BEGIN

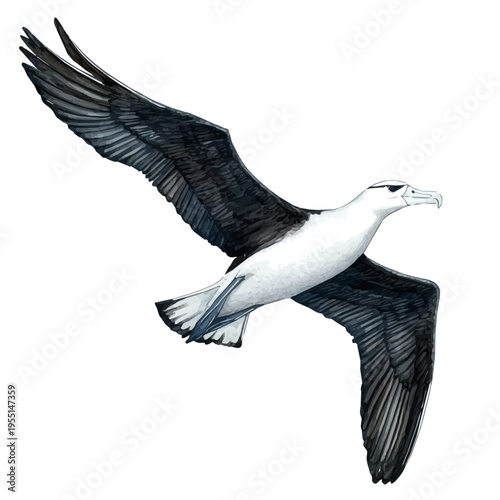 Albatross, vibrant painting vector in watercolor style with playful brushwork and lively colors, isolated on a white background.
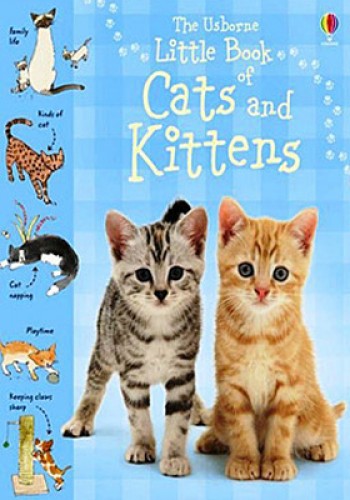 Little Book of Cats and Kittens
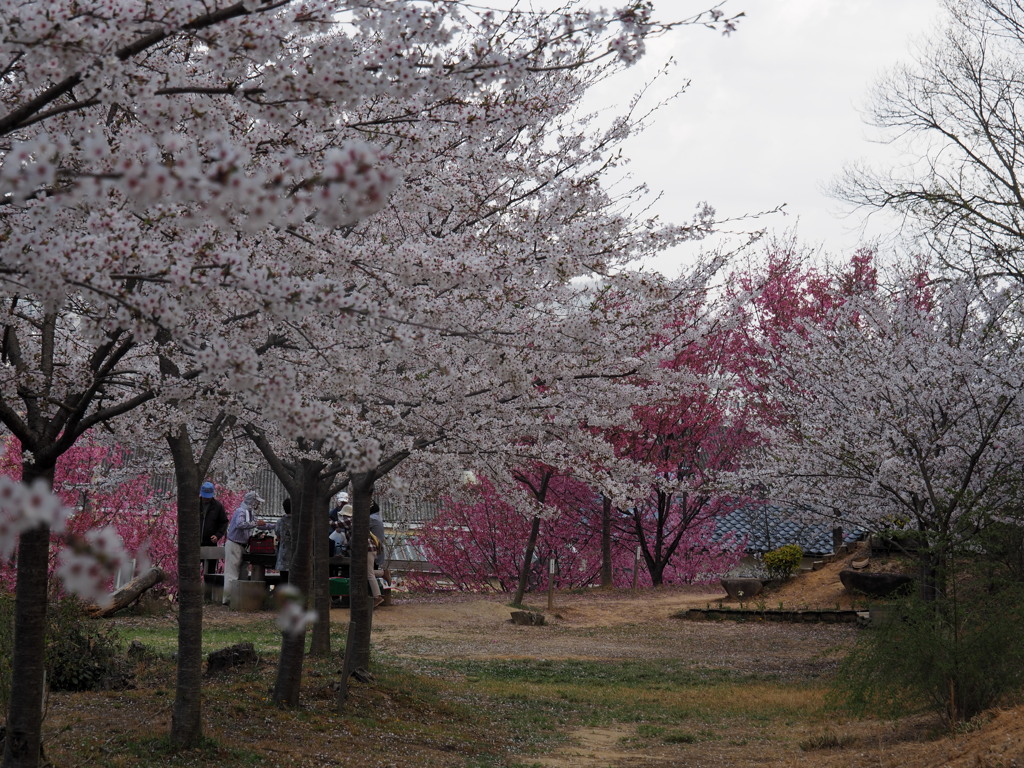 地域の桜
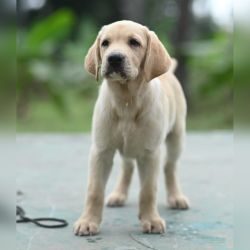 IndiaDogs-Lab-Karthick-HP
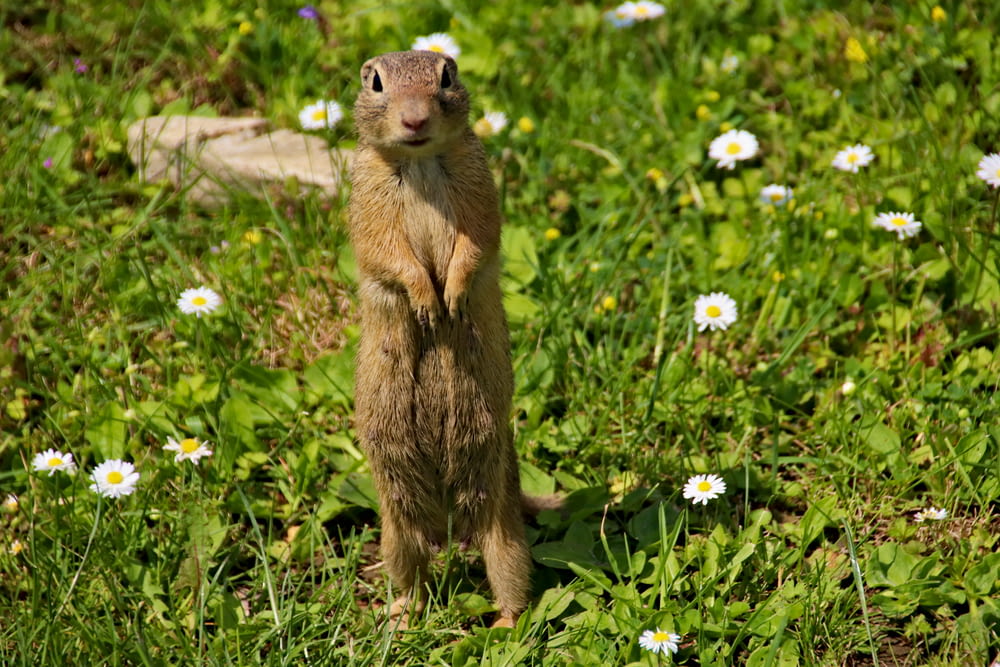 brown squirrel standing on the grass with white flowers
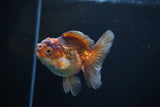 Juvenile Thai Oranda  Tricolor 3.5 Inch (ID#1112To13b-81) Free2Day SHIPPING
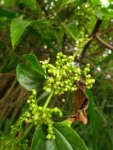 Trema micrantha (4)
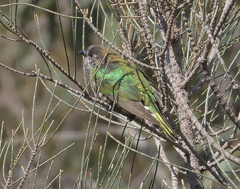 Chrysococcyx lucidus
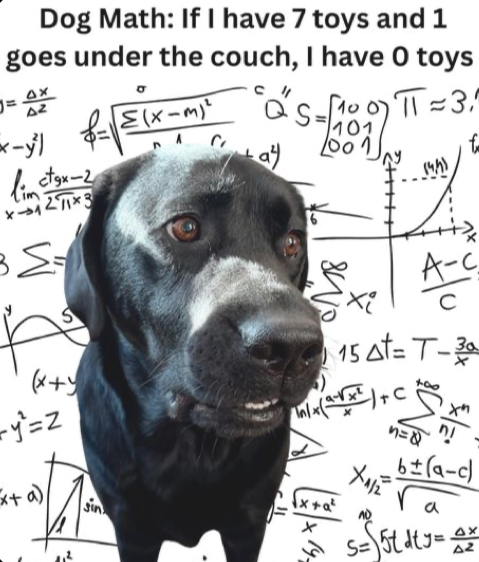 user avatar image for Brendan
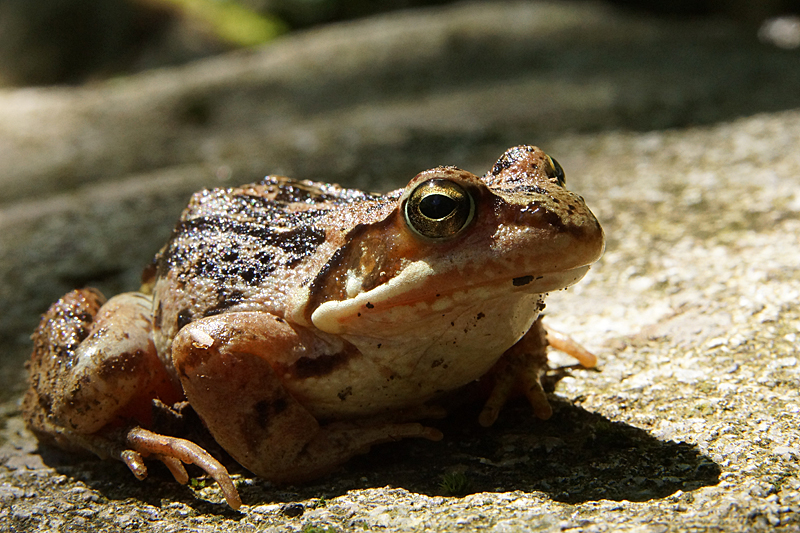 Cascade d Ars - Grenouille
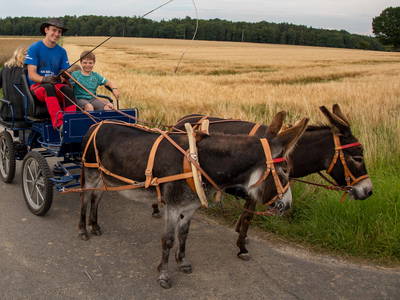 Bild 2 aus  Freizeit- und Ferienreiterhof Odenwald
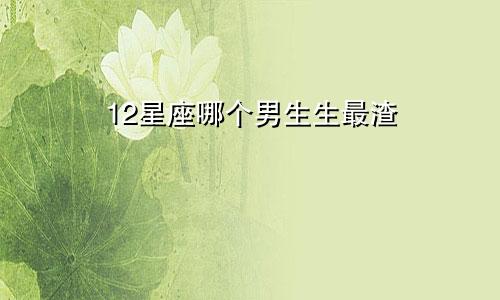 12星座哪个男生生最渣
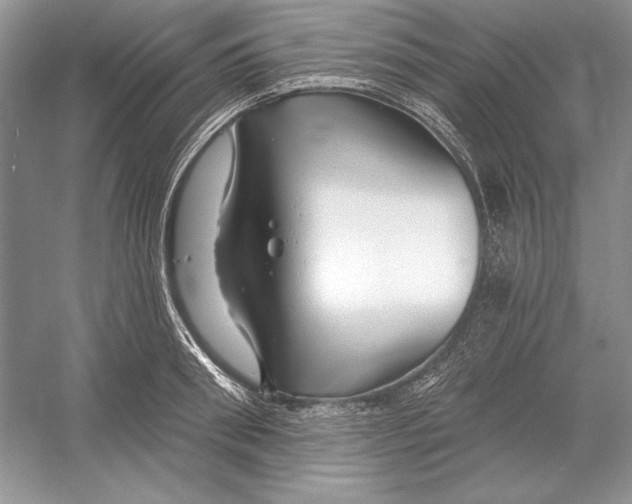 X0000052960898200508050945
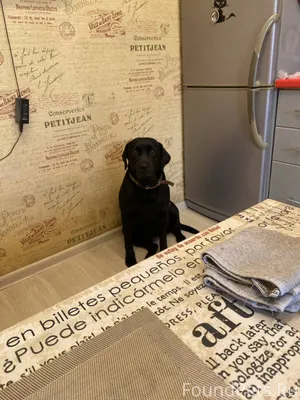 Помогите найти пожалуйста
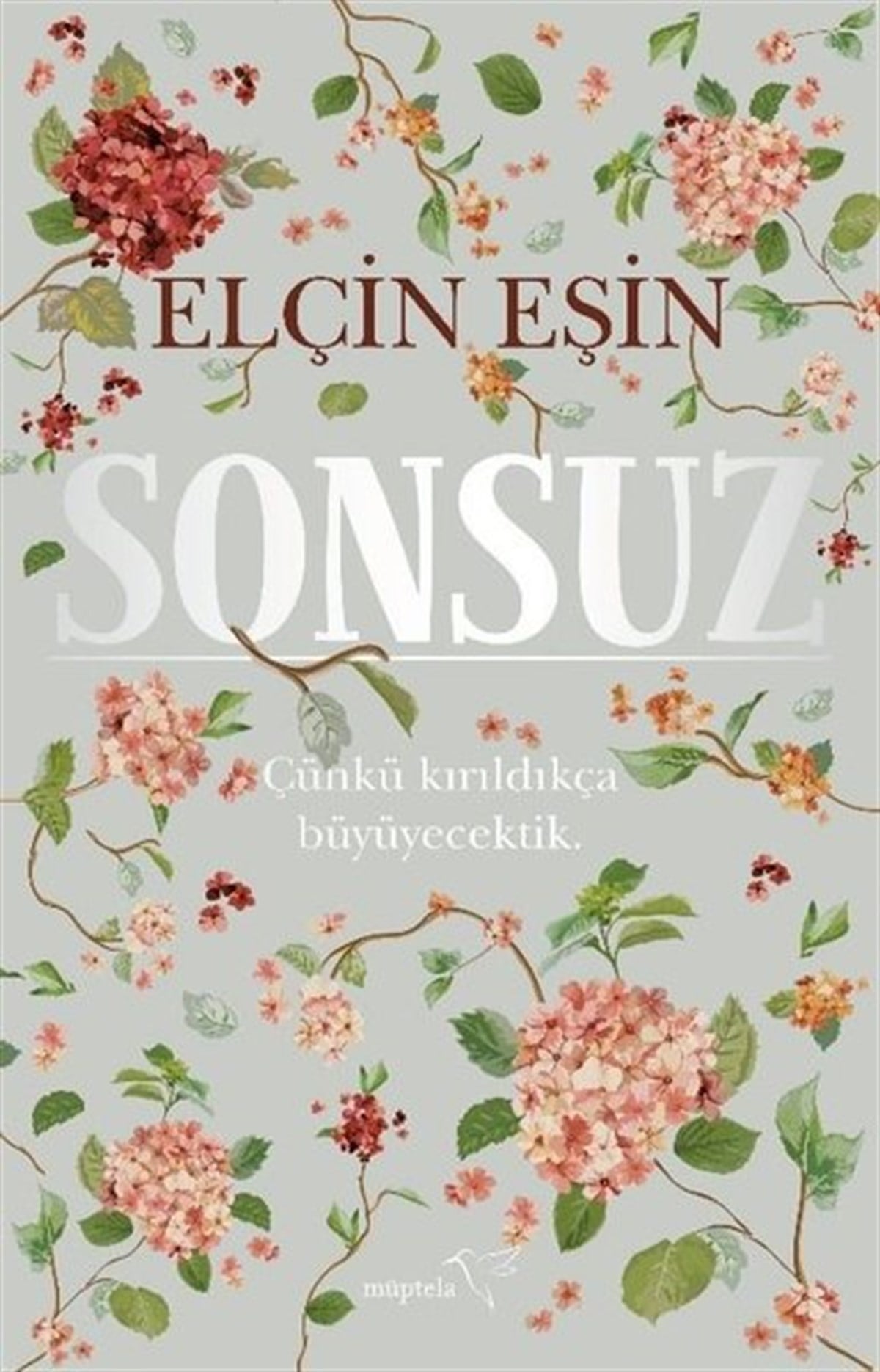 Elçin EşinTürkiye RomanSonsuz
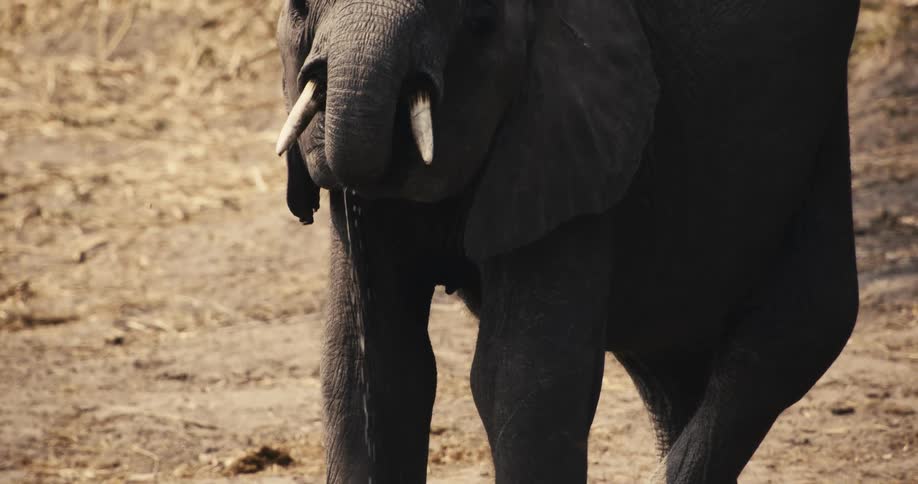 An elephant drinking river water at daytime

END

- Assignment
If a record contains a picture, leave the picture out and return everything else exactly.

- Output below
 Albatross, vibrant painting vector in watercolor style with playful brushwork and lively colors, isolated on a white background.
 Little Book of Cats and Kittens
 地域の桜
 IndiaDogs-Lab-Karthick-HP
 brown squirrel standing on the grass with white flowers
 Juvenile Thai Oranda  Tricolor 3.5 Inch (ID#1112To13b-81) Free2Day SHIPPING
 Trema micrantha (4)
 Chrysococcyx lucidus
 user avatar image for Brendan
 Cascade d Ars - Grenouille
 Bild 2 aus  Freizeit- und Ferienreiterhof Odenwald
 12星座哪个男生生最渣
 X0000052960898200508050945
 Помогите найти пожалуйста
 Elçin EşinTürkiye RomanSonsuz
 An elephant drinking river water at daytime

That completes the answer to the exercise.